▸ Records provided
* * * * * * * * *

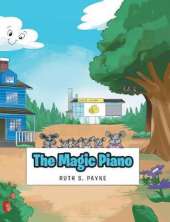 The Magic Piano
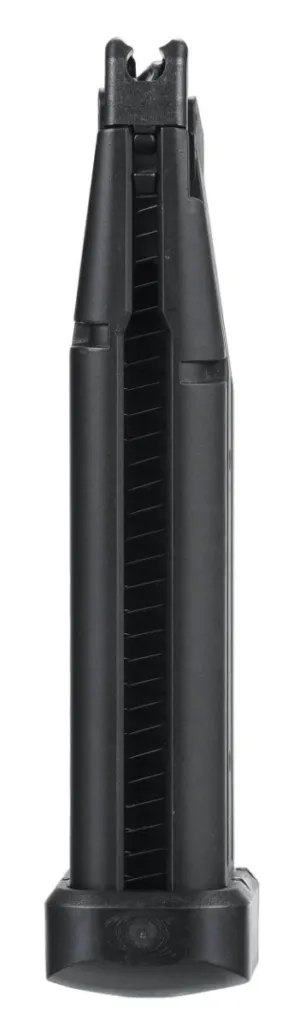 Chargeur pour GBB Vanguard Arcturus-0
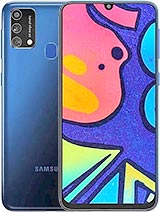 Samsung Galaxy A8 Star A9 Star at Ecuador.mymobilemarket.net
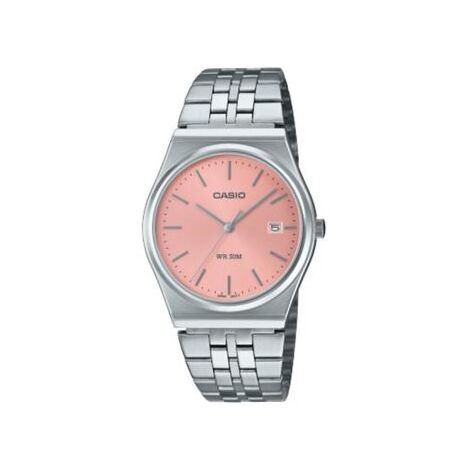 שעון יד Casio MTP-B145D-4AV קסיו למכירה , 2 image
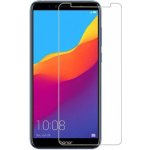 Smarty 2D Huawei Y6 Prime 2018 68119 – Zboží Mobilmania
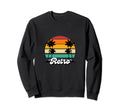 Lovers Sweatshirt - Aesthetic Graphic for Adults - T-Shirt, Sweatshirt, Hoodie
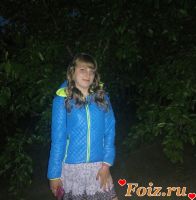 Мала))полуничка)-id159544, 27 из г. Киев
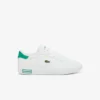 Powercourt Sneaker für Kinder Powercourt Sneaker für Kinder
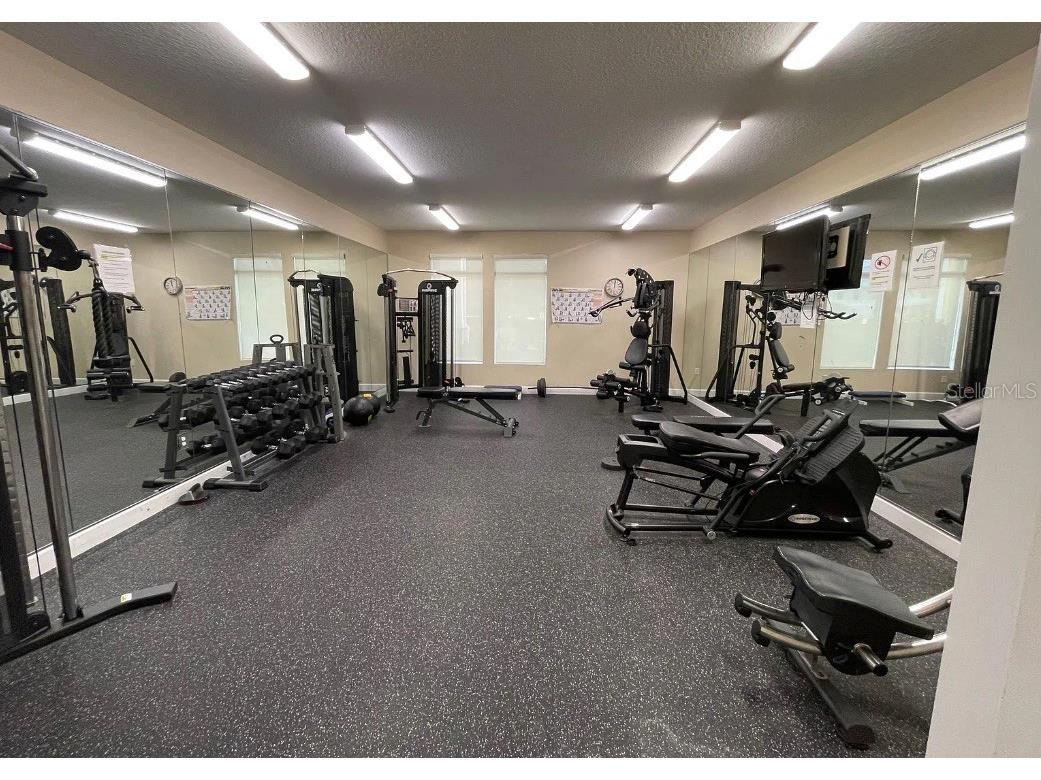 617 Founders Drive Kissimmee FL 34744 O6305534 image23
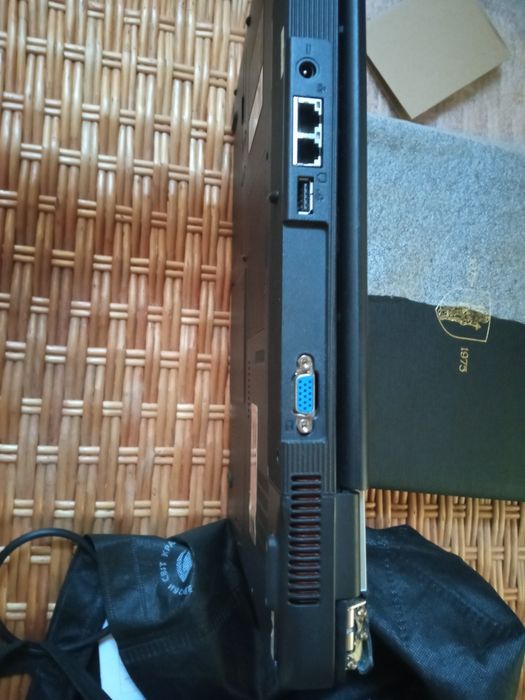 Продам ноутбук Acer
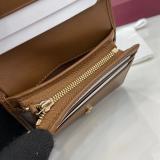 G*ucci Top Bag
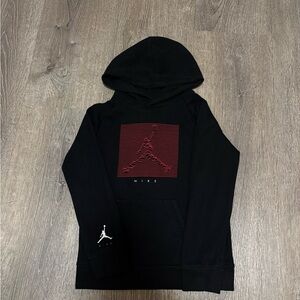 Nike Jordan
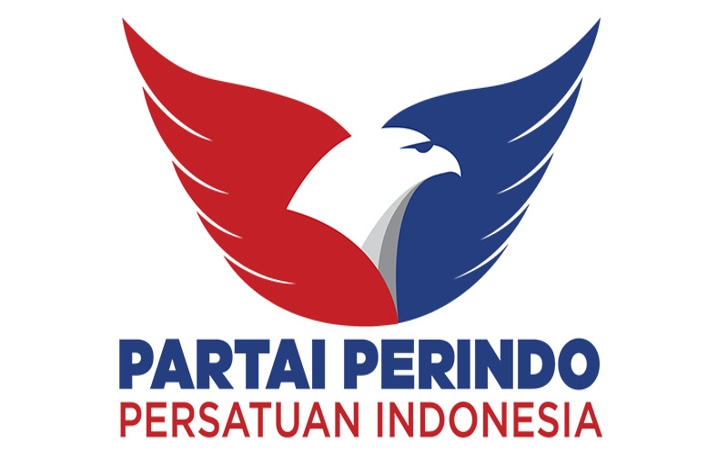 Perindo5.jpg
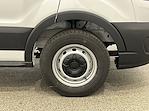 New 2026 Ford Transit 250 Medium Roof Upfitted Cargo Van for sale #F213972 - photo 11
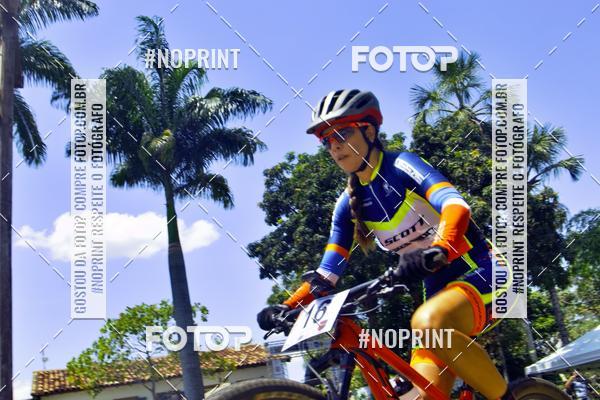 Buy your photos of the eventDesafio dos Fortes  on Fotop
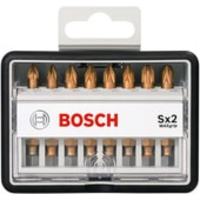 Bosch 2607002571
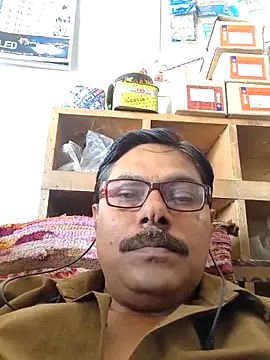 Srmotrs online show from 03/30/26, 07:42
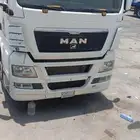 مان 2011 حجم 18.440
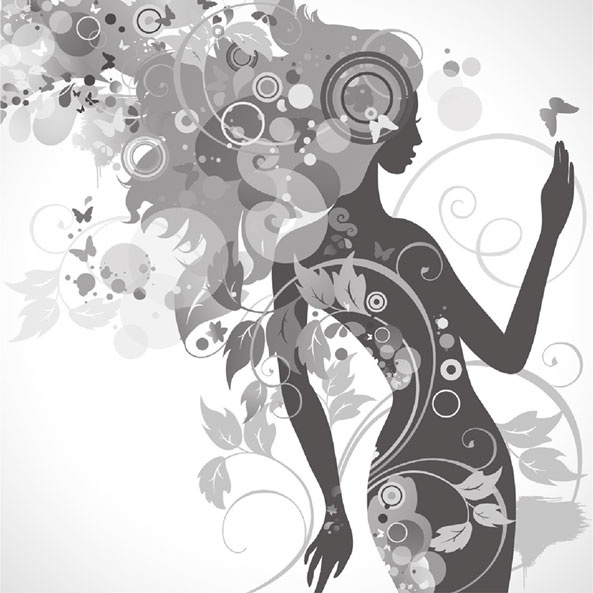 Сонник для женщин Сонник для женщин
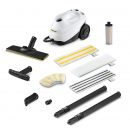 Karcher SC 3 EasyFix, уценка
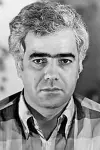 Photo Hasan Mammadov #477590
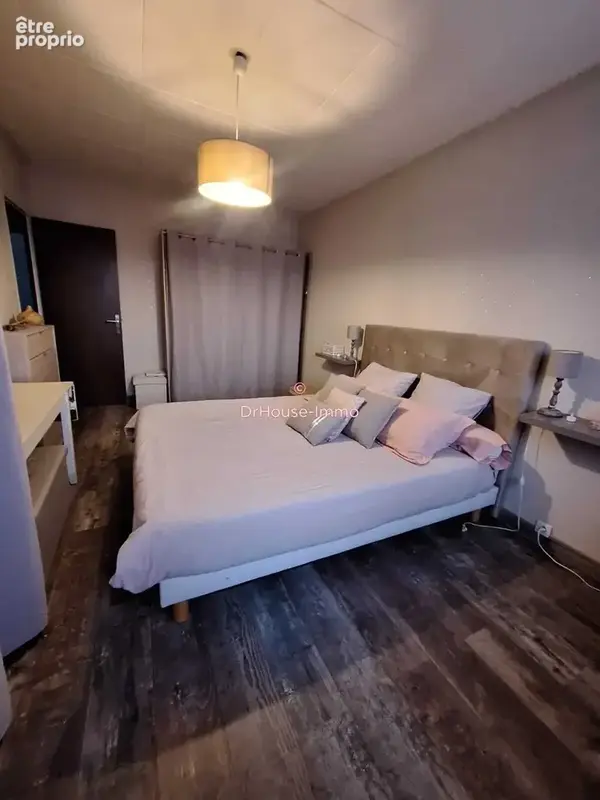 Maison 8 pièces 180 m² à vendre à Ecommoy (72220) - photo 87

* * * * * * * * *

▸ Instructions to follow
Once the line containing "Сонник для женщин Сонник для женщин" is found, write out exactly that line and each line after it through the end of the entries, omitting pictures.

▸ Solution to this problem
 Сонник для женщин Сонник для женщин
 Karcher SC 3 EasyFix, уценка
 Photo Hasan Mammadov #477590
 Maison 8 pièces 180 m² à vendre à Ecommoy (72220) - photo 87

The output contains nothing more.